# Magia por categorías > Mentalismo >  ruleta rusa

## cuenk

Hola
Me gustaría saber donde hay alguna versión de este juego de mentalismo, en el Corinda no hay ninguna, imaginaba que si la habría. Sé que hay diferentes formas de hacerlo pero imagino que se basan en el mismo principio y cada cual puede optar por incluir sus detalles después.

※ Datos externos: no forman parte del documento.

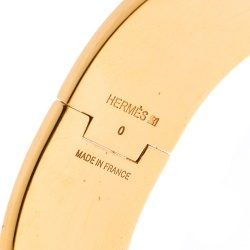 Pre Owned Hermes Clic Clac H Black Enamel Palladium Plated Wide Bracelet PM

A ver si alguien puede aportar algo... 
Gracias

----------


## Pardo

Hay varios métodos, pero en Ingles todos... En Castellano no encontraras ninguno (por lo menos que yo conozca).
Uno de los que mas me gusta, es el de Larry Beker, aunque yo uso mi propio método.

Salud!
Pardo.

----------


## RAIMONS

y cual es tu propio metodo :Confused:  jajajajaja. un saludo compañero.

----------


## Pardo

Jejejeje... este lo sabras otro dia... 

El dia en que públique mi libro...


Salud!
Pardo.

----------


## RAIMONS

ya tardas mucho.......ese libro tenia que haber salido ya!!!saludos y suerte mañana.

----------


## Goreneko

Si es el de Casual-Mente... me lo hiciste pasar mal!! Y aun sabiendo como son este tipo de cosas!!

----------


## KiKeNiCo

> Hola
> Me gustaría saber donde hay alguna versión de este juego de mentalismo, en el Corinda no hay ninguna, imaginaba que si la habría. Sé que hay diferentes formas de hacerlo pero imagino que se basan en el mismo principio y cada cual puede optar por incluir sus detalles después. A ver si alguien puede aportar algo... 
> Gracias



Pues si quieres hacerlo limpiamente (con su consecuent riesgo) apóyate simplemente en el mentalismo y psicología para saber donde "está" la bala, así tendrá más emoción (sobre todo para ti  :117: ). Na, sólo me gustaría reseñar la increible puesta en escena de este efecto de uno de los grandes del mentalismo actual (sino el mejor, porque la psicología bien usada es pura magia), *Derren Brown*, que se ha currado un especial de hora y pico alrededor de este efecto, eligiendo a sus "ayudantes" con diversos "tests" y...bueno, muy espectacular y my logrado, tanto que, aun sabindo cómo va a acabar el efecto te mantiene en vilo hasta el climax...Échale un ojo, a lo mejor suena la flauta!!

----------


## Jeff

> Jejejeje... este lo sabras otro dia... 
> 
> El dia en que públique mi libro...
> 
> 
> Salud!
> Pardo.


Vale... pero me reservas uno con tu autografo!

----------


## dante

Kikenico kikenico... no todo lo que brilla es oro...

----------


## Patrick I. O'Malley

Pregunta para los menalistas (Especialmente para Pardo, que hace cosas con agua y ácidos) ¿Quedaría muy friki hacer una ruleta rusa con seis cucharas (de esas en que te dan ahora los platos de diseño tipo Ferrán Adriá) que tengan ensaladilla rusa, una de ellas aderezada con algo 'altamente venenoso'? Se podrían poner en un soporte giratorio y que el espectador los gire a su elección... Luego vas comiendo todos menos uno (bueno, también te pueden quedar más si te comes el 'envenenao'   :Lol:  )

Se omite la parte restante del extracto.